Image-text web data

------------------------------------------------

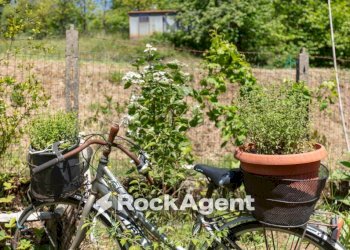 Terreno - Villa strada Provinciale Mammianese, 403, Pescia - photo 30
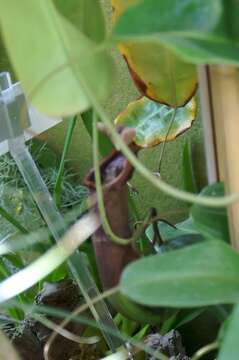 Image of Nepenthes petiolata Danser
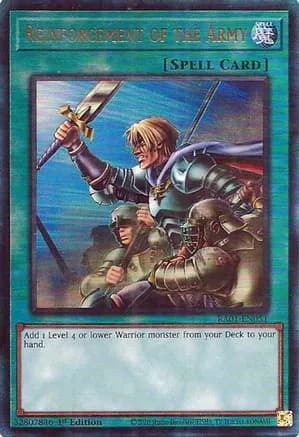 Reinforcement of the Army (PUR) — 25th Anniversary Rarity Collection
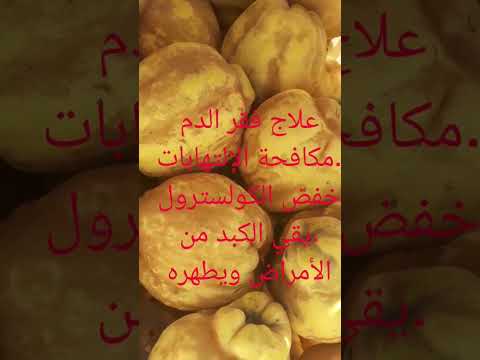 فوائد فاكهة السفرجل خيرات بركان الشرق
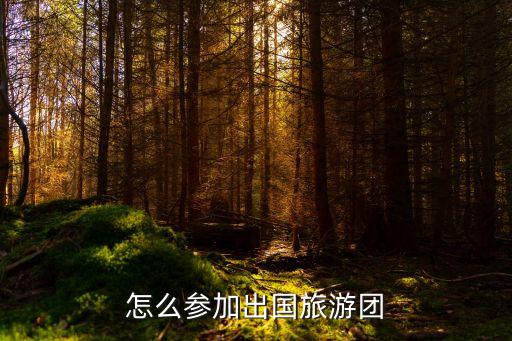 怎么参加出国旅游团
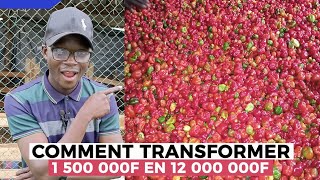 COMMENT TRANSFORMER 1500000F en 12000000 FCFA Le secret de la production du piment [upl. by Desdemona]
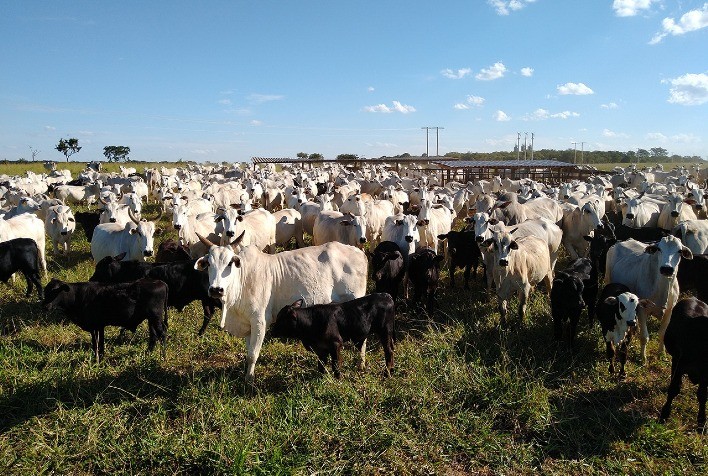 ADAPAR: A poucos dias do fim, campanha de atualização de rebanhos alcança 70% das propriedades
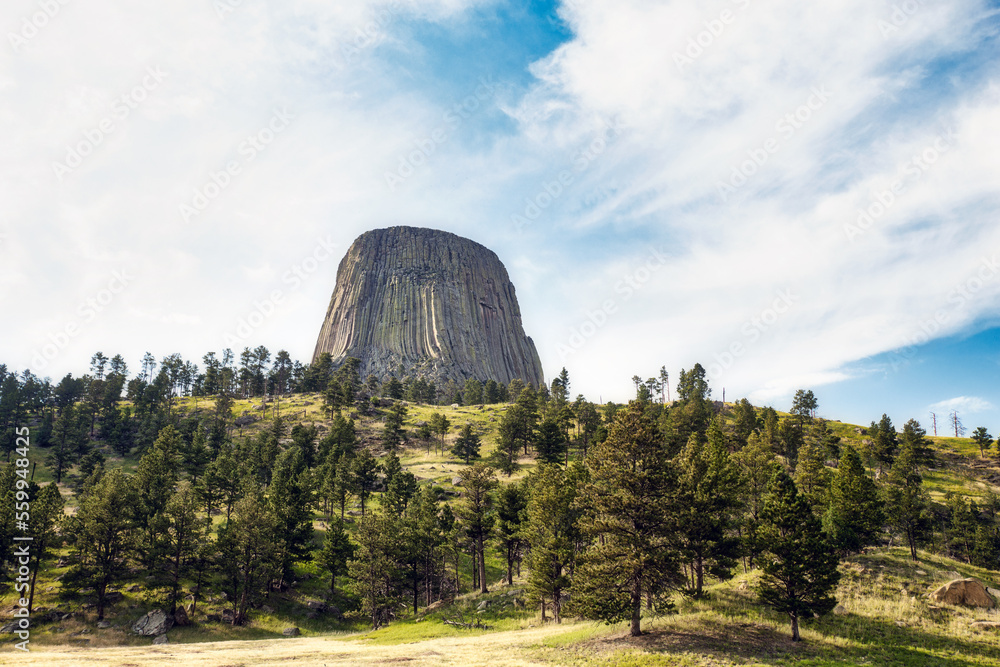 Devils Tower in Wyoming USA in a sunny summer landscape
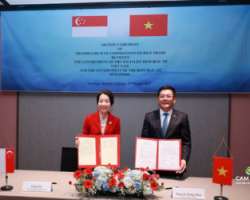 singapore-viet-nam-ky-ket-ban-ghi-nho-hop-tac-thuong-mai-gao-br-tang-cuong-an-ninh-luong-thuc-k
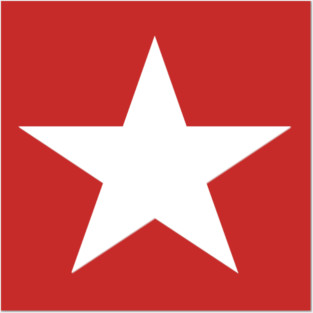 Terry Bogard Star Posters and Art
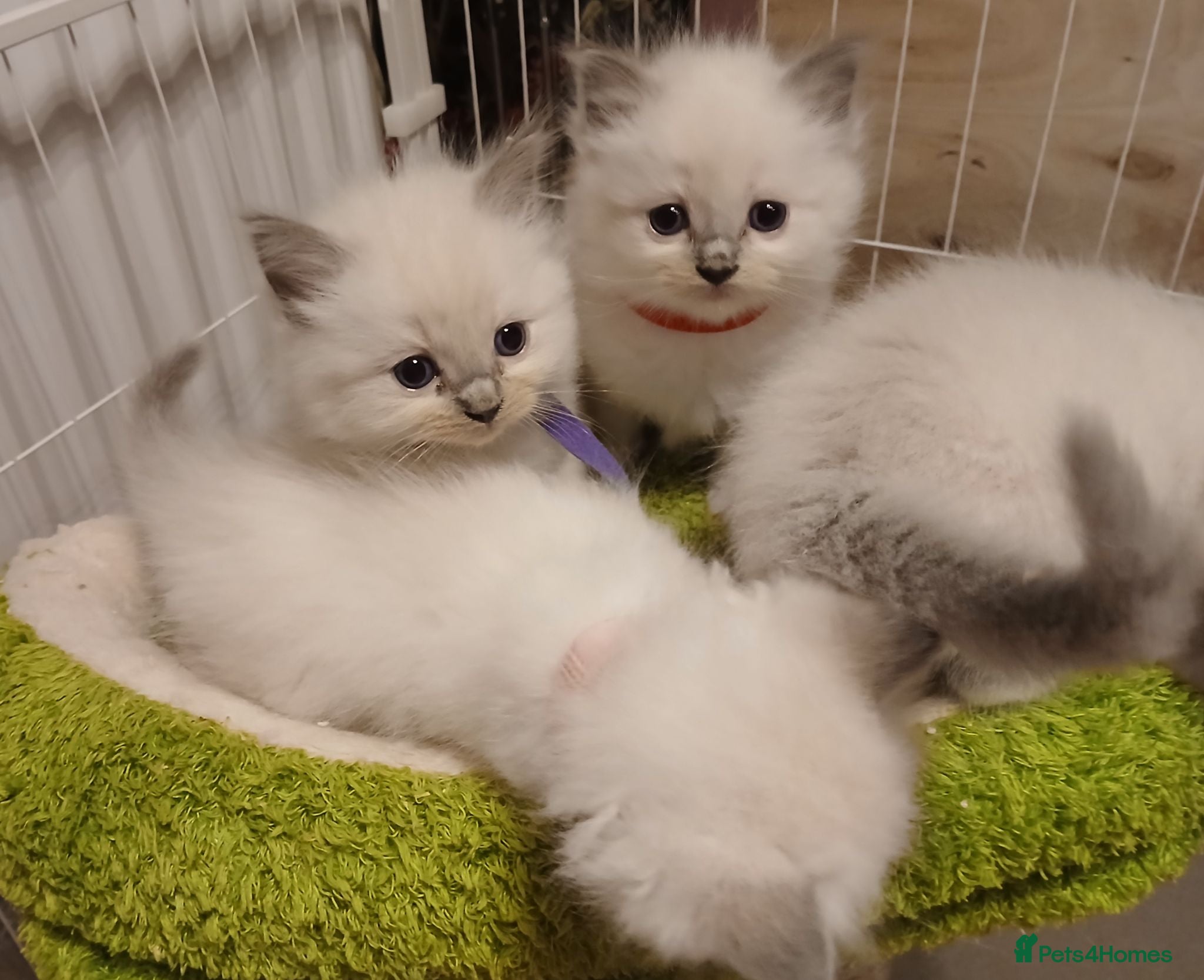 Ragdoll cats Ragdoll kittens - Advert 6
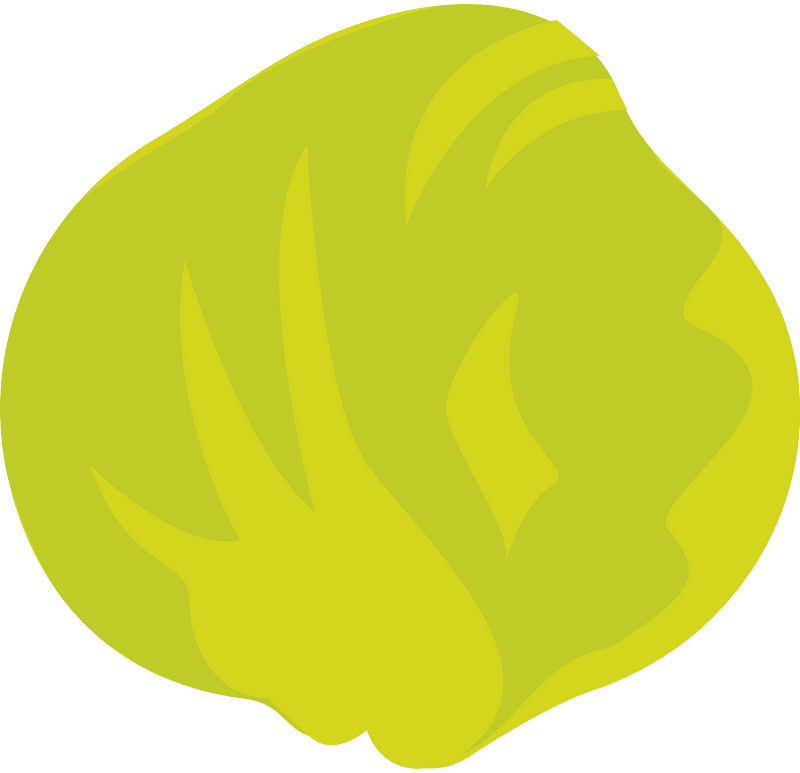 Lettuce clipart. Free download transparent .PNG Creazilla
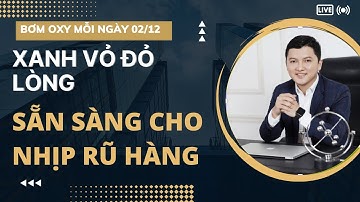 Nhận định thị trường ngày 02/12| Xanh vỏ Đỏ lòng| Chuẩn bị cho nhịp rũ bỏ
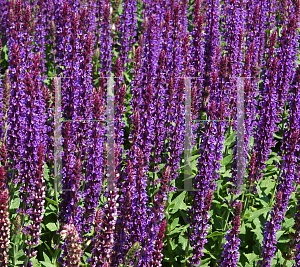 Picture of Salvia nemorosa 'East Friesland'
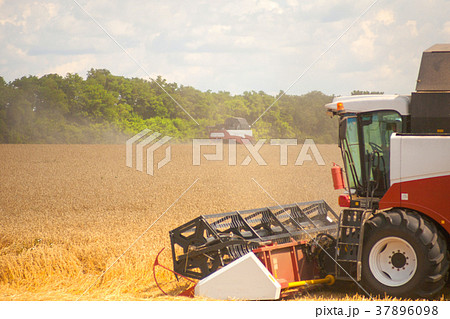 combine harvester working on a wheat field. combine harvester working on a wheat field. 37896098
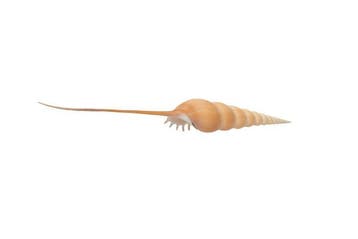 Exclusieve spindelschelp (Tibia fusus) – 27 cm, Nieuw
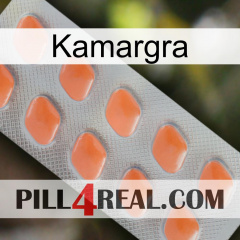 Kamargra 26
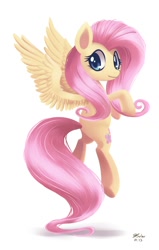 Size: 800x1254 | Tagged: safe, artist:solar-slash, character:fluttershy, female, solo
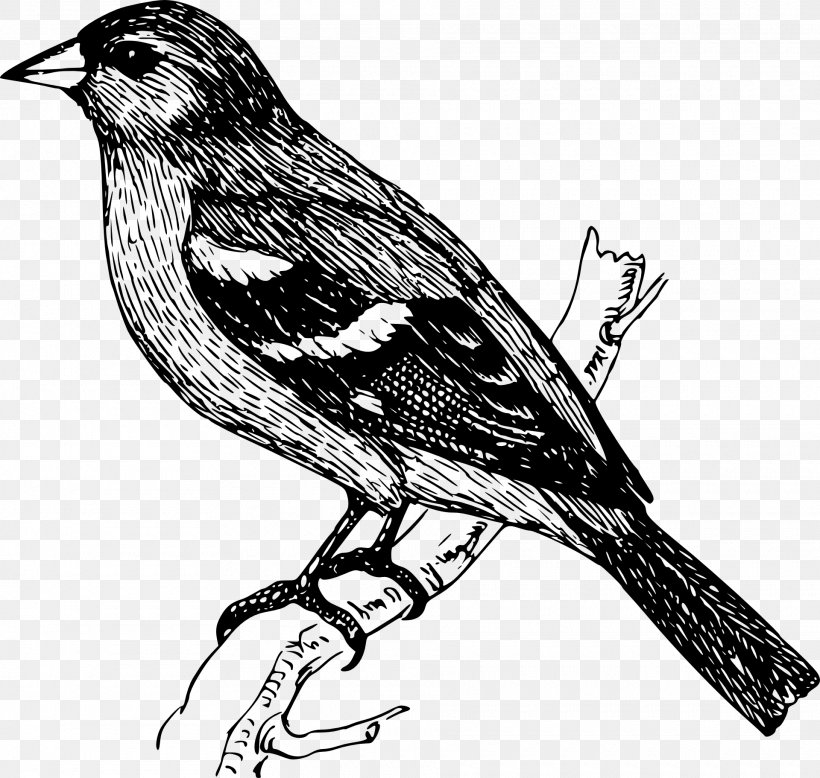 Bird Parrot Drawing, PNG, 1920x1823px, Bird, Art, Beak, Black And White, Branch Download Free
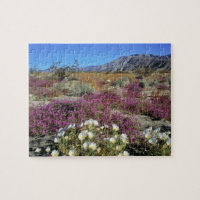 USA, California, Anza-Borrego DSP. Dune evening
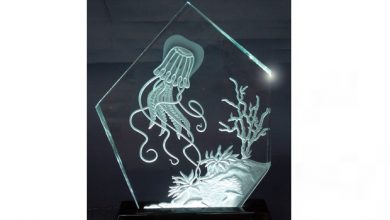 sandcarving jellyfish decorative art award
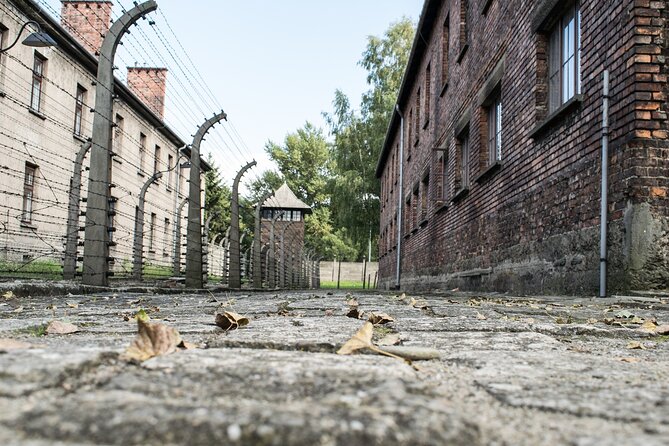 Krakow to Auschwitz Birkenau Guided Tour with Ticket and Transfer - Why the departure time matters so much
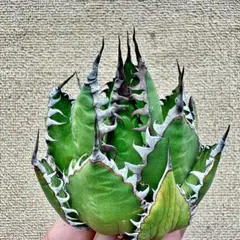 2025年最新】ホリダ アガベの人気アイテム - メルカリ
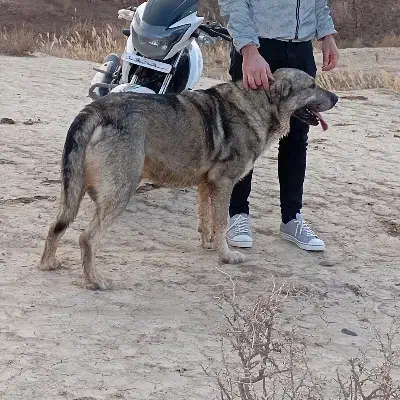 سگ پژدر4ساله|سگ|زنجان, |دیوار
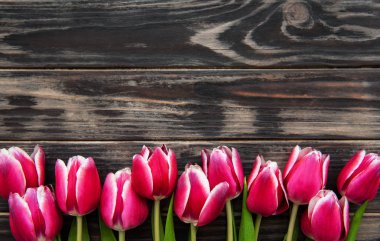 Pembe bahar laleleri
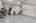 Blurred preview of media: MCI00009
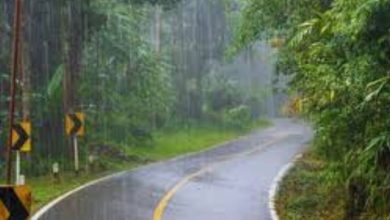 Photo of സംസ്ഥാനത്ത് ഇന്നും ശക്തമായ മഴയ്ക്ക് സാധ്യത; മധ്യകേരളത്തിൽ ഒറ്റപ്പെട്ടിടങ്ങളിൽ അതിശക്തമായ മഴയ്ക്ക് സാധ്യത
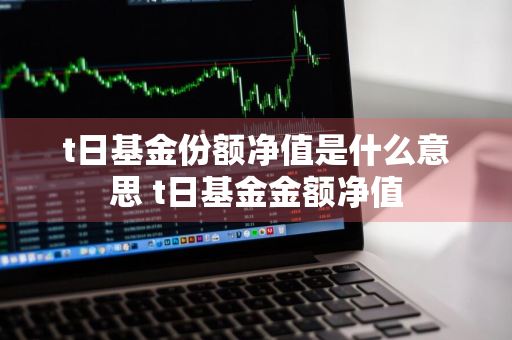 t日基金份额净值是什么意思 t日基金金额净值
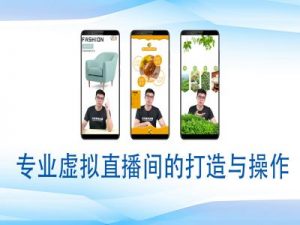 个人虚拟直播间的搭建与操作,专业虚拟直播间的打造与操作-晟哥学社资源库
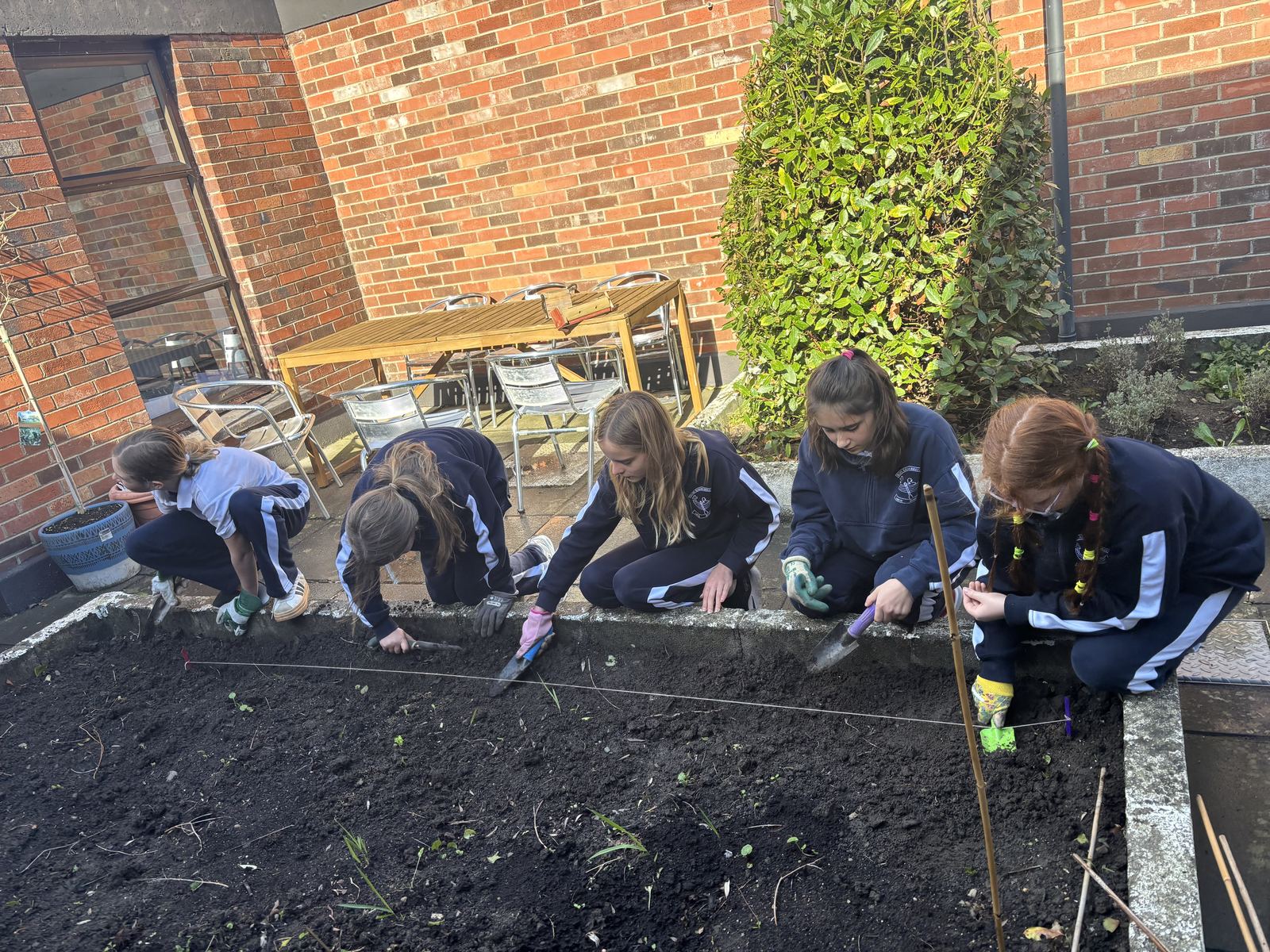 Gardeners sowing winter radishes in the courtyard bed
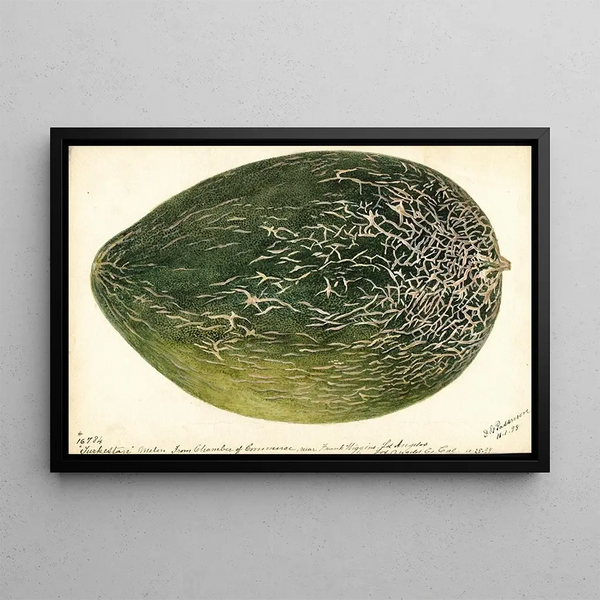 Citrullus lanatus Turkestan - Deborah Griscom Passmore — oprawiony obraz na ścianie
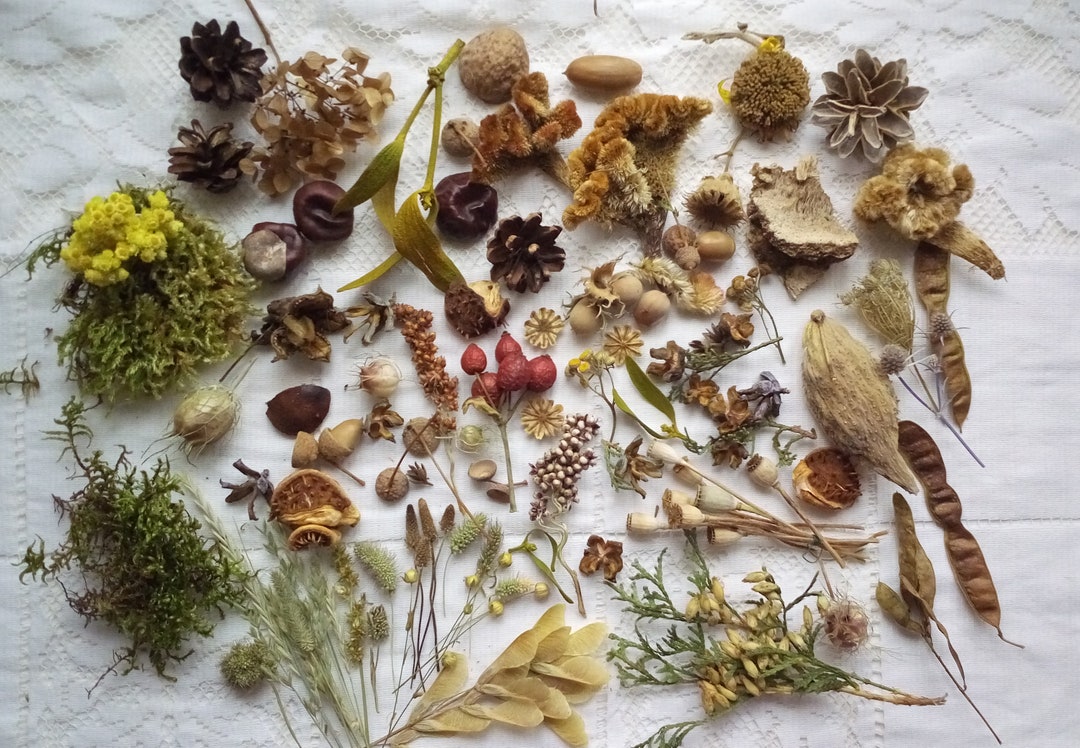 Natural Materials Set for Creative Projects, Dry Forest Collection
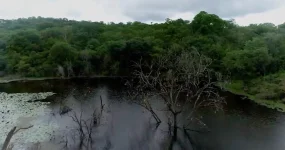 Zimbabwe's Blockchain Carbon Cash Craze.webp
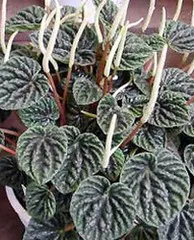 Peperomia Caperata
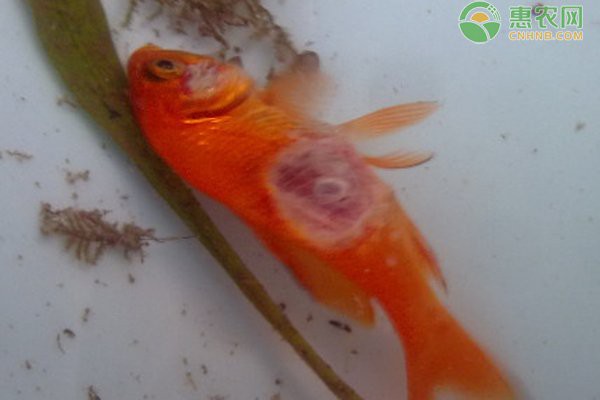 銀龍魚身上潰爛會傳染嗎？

------------------------------------------------

Task directions: Give again, word for word, the line containing "Blurred preview of media: MCI00009" and every line after it to the end of the records; leave out the pictures.

Answer box:
 Blurred preview of media: MCI00009
 Photo of സംസ്ഥാനത്ത് ഇന്നും ശക്തമായ മഴയ്ക്ക് സാധ്യത; മധ്യകേരളത്തിൽ ഒറ്റപ്പെട്ടിടങ്ങളിൽ അതിശക്തമായ മഴയ്ക്ക് സാധ്യത
 t日基金份额净值是什么意思 t日基金金额净值
 个人虚拟直播间的搭建与操作,专业虚拟直播间的打造与操作-晟哥学社资源库
 Gardeners sowing winter radishes in the courtyard bed
 Citrullus lanatus Turkestan - Deborah Griscom Passmore — oprawiony obraz na ścianie
 Natural Materials Set for Creative Projects, Dry Forest Collection
 Zimbabwe's Blockchain Carbon Cash Craze.webp
 Peperomia Caperata
 銀龍魚身上潰爛會傳染嗎？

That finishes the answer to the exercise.